What’s good for one company is not always good for another and going purely on good financial performance may not necessarily indicate the most successful supply chain strategy.
In essence, these are some of the initial findings of the Supply Chain 2020 Project, a multi-year research effort, initiated by the MIT-Zaragoza International Logistics Programme, to identify and analyse the factors that are critical to the success of future supply chains up to the year 2020. According to Dr Larry Lapide, director demand management, MIT Center for Transportation & Logistics, there is a strategic framework and a set of deeper guiding principles – not best practices – that underpin supply chain superiority.
‘The competitively principled’ supply chain, where strategy, operating models, performance metrics, and practices are aligned in a strategic framework, is where we should be heading. It appears to be a matter of getting down to core principles.

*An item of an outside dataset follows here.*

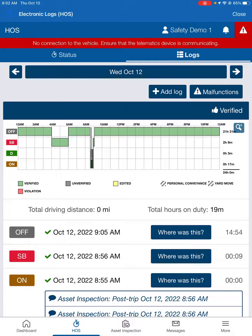Now keep in mind, we really need you to be sure you're verifying these logs very often. If you don't have your last 24 hours current, you can receive a violation. It is a DOT requirement to have that done, and we're seeing a lot of people forgetting to do that and having to be reminded to verify their logs.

But in order to create a supply chain that is adequately designed for competitive performance, an understanding of macro factors and future scenarios is essential. Dr Lapide will be offering an insight into the future issues facing supply chains in his keynote presentation – ‘Supply Chain 2020: Massachusetts Institute of Technology bringing you the future now’ – at the Extended Supply Chain conference, Riverbank Plaza, London, 3rd – 4th March. (More information at: www.esc2008.com)
I’m certainly keen to hear Dr Lapide’s presentation – it sounds intriguing.